I was diagnosed with bipolar disorder earlier this year, and it terrifies me. It was the least unexpected diagnosis I’ve ever received, but that doesn’t make it easy.
The thing that scares me the most, the thing that has me holding my breath, the thing that is stopping me really moving forward is stigma, both internal and external. I have been open about having depression and anxiety. I have been vocal in discussing how we, as a society, need to end the stigma surrounding mental health issues. No one should fear how other people view them, simply because they are ill.
Yet here I am.
I am doing all the right things; medication, therapy and self-care. My mood is stabilising, the fog is lifting and my concentration is returning. It’s draining, but I am doing everything I can to give myself the best chance.

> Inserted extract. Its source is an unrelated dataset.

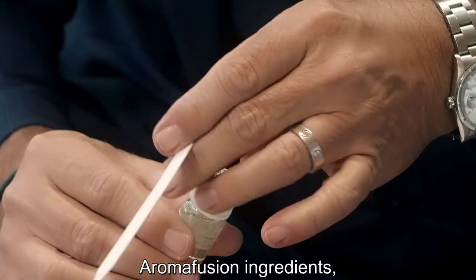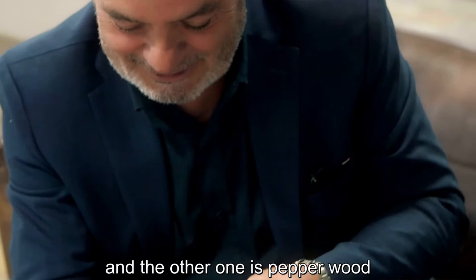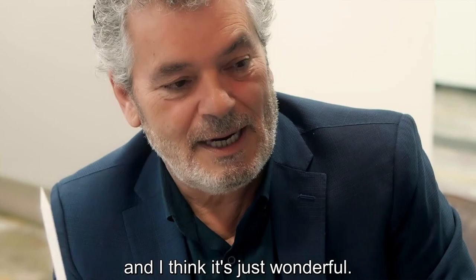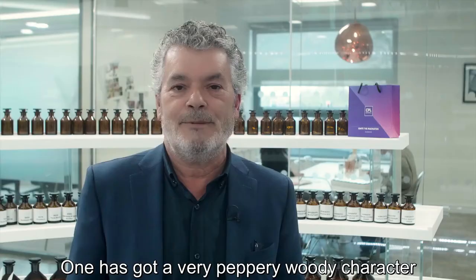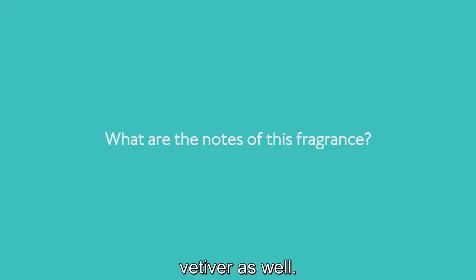The fragrance contains two of my favorite aroma fusion ingredients — one called citrus wood and the other one is pepper wood — which were launched in our palette recently and I think they're just wonderful. One has got a very peppery, woody character and the other one is very citrusy, Vetiver as well.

Yet there is this voice telling me not to talk about. Telling family is one thing, but don’t talk about it the way you did when it was just depression and anxiety. Just. As if depression and anxiety aren’t serious illnesses. As if depression and anxiety are easy. As if depression and anxiety are separate from other mental illnesses.
I know better than this. I’ve spoken better than this. Ending the stigma surrounding mental health has always been important to me. I thought I got it, I really did.
Yet here I am.
Here I am, scared people will judge me. Here I am, judging myself. Here I am, drawing distinctions that I would question anyone else for drawing.
I’m still processing, I know that. It’ll take time and hard work. Stigma will not win, I won’t let it. I am disappointed it has affected me this way. I thought I’d left all that behind. I thought I had done the work. I thought, I thought, I thought. Stigma is insidious and clearly has other ideas for me.
Acknowledging it is the first step to letting it go. I can start to breath properly. I can fully let other people help.
I know I’m not alone.
I will let people in, but I’m not quite there yet.